À l’occasion de la Semaine Nationale de la Femme Tchadienne (SENAFET), une initiative en faveur de l’autonomisation féminine voit le jour à N’Djamena. Le Ministère Chrétien de Formation pour le Développement (MCFD) a organisé une série de formations destinées aux filles et femmes vulnérables afin de leur offrir des compétences pratiques et renforcer leur capacité à entreprendre.
Cette formation, qui se déroule du 23 février au 7 mars 2026 dans les locaux de l’ONG ACID, vise à promouvoir l’entrepreneuriat féminin dans un contexte où l’autonomisation des femmes reste encore peu valorisée au Tchad. À travers cette initiative, le MCFD entend contribuer au renforcement des capacités économiques des femmes et encourager leur participation active au développement.
Pour un coût symbolique de 5 000 francs CFA, les participantes bénéficient de plusieurs modules de formation, notamment en informatique, marketing digital, art oratoire, pâtisserie, décoration et d’autres domaines pratiques. Au total, plus de 3 000 femmes devraient profiter de cette opportunité.
Selon les organisateurs, cette formation ne se limite pas à l’apprentissage. Les bénéficiaires reçoivent également des cours théoriques et pratiques, des attestations de formation ainsi qu’un suivi et un accompagnement matériel afin de faciliter la création d’activités génératrices de revenus.
Le président du MCFD, Ankere Sendrague Arthur, explique l’objectif de cette initiative :« Nous avons initié ces formations dans le but d’aider nos sœurs à créer elles-mêmes leurs propres entreprises afin qu’elles puissent subvenir aux besoins de leurs familles. Nous formons, encadrons et accompagnons ces femmes avec nos matériels jusqu’à ce qu’elles lancent leurs activités génératrices de revenus. »
Cependant, certaines formatrices déplorent le manque d’assiduité de quelques apprenantes.
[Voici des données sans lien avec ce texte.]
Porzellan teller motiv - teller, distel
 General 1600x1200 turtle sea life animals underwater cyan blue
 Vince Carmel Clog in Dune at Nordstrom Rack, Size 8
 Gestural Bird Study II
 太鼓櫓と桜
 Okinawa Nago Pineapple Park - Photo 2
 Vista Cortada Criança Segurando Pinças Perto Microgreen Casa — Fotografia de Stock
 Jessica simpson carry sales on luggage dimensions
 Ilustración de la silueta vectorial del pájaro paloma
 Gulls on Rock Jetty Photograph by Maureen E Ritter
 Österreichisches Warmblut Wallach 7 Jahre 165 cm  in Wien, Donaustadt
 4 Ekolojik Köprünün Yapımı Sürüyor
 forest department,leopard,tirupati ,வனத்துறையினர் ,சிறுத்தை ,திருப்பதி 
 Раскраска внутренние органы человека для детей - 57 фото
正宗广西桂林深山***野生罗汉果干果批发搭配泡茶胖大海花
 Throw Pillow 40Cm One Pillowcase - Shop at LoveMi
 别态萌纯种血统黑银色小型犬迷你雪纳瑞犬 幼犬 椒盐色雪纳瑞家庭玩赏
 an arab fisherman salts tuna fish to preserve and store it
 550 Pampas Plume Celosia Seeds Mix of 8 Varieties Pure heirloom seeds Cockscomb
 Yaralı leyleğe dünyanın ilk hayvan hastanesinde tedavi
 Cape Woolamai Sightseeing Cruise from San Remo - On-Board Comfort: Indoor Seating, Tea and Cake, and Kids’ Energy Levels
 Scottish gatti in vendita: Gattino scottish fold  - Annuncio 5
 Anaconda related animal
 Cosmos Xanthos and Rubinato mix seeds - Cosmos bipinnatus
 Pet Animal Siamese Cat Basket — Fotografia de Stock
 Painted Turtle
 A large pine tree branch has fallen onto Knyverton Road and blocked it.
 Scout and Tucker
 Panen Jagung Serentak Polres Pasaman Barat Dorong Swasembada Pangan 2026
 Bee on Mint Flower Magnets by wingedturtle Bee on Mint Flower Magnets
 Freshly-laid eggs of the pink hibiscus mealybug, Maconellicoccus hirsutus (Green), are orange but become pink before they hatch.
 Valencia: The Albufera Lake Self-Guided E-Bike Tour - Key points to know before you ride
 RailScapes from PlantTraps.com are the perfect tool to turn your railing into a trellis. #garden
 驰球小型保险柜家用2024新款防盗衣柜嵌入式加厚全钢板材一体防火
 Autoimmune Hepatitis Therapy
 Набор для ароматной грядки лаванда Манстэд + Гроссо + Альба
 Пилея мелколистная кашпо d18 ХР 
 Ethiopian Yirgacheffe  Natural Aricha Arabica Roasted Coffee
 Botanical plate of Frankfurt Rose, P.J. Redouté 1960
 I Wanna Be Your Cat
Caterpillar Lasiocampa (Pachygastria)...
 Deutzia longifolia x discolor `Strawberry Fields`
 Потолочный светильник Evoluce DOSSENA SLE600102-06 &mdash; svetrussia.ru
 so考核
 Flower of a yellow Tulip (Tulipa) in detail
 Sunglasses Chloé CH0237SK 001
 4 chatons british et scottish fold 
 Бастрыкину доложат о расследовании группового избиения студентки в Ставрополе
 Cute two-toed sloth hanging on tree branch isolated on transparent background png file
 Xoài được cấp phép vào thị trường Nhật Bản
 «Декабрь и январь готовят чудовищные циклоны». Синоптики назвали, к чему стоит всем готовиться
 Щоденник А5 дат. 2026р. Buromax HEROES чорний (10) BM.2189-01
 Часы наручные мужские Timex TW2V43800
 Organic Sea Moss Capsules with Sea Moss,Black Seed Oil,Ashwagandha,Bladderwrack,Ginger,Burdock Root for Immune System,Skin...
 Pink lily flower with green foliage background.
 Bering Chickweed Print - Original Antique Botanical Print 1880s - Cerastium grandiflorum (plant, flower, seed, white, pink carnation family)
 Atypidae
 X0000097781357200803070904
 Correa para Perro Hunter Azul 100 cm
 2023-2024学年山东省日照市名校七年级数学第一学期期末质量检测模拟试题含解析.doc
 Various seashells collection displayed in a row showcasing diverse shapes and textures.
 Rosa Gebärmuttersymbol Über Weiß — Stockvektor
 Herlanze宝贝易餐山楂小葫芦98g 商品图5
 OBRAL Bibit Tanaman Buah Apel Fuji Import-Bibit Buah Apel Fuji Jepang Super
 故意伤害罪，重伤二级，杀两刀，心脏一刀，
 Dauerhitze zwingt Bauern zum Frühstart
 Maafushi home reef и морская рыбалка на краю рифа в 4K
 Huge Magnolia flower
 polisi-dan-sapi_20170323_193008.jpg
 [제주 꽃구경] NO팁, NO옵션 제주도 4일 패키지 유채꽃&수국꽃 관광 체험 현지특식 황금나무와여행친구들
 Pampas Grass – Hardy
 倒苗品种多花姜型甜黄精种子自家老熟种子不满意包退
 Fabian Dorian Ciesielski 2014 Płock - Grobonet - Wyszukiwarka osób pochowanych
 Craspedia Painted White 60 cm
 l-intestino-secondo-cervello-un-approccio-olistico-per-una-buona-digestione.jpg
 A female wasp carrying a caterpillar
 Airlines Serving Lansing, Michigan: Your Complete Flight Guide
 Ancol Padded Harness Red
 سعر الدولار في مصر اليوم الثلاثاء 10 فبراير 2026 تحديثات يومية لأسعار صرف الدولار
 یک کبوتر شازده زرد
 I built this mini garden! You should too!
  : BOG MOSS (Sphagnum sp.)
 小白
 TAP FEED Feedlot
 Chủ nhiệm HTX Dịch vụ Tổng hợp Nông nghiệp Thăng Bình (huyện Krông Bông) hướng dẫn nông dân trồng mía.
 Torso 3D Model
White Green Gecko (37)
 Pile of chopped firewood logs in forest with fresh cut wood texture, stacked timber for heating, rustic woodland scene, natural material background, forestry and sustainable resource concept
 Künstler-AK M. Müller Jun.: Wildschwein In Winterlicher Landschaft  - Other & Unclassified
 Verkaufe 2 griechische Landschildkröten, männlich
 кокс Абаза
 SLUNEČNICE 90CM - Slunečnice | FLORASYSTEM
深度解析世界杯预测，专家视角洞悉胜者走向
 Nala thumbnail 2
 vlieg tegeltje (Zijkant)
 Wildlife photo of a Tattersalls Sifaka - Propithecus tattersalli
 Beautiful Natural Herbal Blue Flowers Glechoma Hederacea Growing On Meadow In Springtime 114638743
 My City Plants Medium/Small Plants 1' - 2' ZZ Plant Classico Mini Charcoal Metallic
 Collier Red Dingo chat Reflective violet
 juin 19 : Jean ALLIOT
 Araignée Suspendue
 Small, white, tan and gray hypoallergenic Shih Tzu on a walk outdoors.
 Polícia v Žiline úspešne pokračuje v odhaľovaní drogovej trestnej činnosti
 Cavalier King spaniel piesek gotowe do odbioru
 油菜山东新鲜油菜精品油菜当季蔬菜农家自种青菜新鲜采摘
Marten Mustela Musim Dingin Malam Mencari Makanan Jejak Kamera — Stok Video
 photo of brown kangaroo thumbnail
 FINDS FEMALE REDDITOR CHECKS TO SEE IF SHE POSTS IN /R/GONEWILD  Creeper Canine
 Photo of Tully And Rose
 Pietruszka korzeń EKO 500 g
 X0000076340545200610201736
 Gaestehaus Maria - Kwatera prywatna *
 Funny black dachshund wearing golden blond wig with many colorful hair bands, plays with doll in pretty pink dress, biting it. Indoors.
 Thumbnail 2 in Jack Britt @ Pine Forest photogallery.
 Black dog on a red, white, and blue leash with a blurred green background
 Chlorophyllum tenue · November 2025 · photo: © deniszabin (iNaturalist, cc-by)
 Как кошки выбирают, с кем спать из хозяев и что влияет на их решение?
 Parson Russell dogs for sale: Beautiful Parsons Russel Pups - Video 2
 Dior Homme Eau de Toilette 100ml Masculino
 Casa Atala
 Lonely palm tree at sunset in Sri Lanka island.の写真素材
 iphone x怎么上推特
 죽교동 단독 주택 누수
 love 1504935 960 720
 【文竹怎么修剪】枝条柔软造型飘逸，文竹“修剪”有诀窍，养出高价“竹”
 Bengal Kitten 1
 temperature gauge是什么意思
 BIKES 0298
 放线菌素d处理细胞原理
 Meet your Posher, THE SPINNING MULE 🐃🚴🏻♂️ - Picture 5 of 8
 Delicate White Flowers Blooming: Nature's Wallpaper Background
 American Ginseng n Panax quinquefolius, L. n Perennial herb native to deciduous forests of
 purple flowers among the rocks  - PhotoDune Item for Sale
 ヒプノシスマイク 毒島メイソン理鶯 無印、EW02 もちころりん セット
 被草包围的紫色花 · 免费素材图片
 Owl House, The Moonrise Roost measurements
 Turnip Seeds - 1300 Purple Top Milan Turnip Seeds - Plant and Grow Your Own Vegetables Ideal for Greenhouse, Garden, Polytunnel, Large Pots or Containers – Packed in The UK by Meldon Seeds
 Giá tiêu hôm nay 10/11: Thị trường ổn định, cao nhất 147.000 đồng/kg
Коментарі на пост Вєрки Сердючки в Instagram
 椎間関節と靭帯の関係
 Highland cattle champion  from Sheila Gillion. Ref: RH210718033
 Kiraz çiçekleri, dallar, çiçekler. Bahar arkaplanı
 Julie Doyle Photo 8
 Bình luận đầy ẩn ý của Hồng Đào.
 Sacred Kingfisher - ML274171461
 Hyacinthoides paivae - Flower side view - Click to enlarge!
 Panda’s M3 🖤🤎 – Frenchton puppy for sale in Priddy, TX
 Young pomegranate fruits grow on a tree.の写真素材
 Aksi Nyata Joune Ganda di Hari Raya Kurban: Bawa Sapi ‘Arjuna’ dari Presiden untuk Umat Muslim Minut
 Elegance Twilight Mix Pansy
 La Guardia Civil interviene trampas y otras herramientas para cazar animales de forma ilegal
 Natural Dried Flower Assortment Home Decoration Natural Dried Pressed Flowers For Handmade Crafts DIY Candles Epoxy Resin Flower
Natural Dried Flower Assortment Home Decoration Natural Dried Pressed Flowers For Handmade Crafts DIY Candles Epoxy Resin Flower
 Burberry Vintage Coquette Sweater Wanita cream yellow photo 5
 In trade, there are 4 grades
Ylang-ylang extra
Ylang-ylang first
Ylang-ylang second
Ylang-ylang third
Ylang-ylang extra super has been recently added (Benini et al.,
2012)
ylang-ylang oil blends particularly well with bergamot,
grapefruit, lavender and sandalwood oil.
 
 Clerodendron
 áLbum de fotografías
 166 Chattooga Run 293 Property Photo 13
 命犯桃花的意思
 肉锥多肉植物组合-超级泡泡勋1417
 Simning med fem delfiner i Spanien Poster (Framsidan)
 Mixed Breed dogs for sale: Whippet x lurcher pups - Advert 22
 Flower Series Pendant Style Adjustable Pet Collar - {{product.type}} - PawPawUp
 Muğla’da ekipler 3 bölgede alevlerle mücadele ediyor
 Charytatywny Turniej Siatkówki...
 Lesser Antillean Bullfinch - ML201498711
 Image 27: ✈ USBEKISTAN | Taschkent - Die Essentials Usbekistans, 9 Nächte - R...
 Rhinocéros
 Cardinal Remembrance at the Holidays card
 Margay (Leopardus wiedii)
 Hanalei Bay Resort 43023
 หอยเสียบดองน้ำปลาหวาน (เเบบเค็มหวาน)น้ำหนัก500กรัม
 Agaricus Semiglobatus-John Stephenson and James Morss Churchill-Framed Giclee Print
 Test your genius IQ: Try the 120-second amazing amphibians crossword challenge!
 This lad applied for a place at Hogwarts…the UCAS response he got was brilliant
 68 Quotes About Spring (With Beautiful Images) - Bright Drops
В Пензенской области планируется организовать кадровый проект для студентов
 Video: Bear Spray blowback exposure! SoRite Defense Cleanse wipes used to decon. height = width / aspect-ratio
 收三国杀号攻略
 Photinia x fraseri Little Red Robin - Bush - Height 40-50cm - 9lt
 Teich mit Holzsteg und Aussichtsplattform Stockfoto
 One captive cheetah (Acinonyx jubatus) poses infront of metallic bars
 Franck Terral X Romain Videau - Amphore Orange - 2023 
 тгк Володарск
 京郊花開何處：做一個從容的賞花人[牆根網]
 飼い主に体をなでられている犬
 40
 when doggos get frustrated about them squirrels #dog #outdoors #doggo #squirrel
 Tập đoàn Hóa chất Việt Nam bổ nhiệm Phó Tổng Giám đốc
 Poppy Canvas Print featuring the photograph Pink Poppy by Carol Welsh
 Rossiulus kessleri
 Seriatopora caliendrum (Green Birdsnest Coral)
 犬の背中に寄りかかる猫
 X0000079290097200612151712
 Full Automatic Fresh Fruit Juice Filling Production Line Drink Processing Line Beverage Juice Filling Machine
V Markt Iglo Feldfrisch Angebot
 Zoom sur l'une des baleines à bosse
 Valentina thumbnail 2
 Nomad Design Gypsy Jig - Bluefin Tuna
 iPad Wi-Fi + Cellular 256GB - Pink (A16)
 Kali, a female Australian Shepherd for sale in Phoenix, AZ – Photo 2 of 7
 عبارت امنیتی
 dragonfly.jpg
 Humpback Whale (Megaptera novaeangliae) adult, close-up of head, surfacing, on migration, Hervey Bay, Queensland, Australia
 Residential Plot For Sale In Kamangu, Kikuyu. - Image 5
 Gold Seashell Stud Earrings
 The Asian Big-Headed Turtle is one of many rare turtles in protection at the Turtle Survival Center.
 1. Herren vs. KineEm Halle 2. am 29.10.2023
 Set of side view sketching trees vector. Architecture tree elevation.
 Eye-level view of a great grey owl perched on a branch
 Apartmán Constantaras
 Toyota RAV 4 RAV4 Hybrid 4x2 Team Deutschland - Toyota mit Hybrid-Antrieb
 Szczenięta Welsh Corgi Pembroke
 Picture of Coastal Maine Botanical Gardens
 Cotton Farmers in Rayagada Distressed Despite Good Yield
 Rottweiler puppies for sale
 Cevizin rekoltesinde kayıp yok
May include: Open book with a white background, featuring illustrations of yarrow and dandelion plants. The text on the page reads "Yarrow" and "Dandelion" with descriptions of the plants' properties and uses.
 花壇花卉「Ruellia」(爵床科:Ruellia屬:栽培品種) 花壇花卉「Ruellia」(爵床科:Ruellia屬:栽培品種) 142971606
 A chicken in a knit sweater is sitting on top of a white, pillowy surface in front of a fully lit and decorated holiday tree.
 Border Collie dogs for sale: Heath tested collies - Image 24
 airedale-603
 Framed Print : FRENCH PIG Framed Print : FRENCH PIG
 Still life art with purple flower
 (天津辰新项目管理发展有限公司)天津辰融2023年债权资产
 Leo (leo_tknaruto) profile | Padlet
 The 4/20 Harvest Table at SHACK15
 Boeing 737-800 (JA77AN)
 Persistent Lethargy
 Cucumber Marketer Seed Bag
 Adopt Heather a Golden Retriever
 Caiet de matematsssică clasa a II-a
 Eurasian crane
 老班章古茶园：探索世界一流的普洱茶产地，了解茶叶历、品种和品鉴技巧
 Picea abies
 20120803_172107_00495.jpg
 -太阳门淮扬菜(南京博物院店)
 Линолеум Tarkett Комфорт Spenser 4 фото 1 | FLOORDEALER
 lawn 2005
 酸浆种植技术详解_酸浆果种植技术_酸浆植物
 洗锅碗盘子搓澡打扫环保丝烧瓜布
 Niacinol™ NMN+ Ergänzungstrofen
D’après elles, certaines participantes paient seulement une partie des frais, assistent à quelques séances avant d’abandonner la formation.
« La plupart des jeunes filles ne veulent pas adhérer pleinement à la formation. Elles règlent juste la moitié des frais, participent à quelques séances puis disparaissent », regrette Mabrouka Moussa Mahamat, formatrice en art oratoire.
Association à vocation entrepreneuriale et humanitaire, le MCFD poursuit son engagement pour le développement intégral des populations, sans distinction d’âge, de sexe, de religion ou d’origine sociale. À travers cette initiative, l’organisation espère voir émerger une nouvelle génération de femmes tchadiennes autonomes et entreprenantes.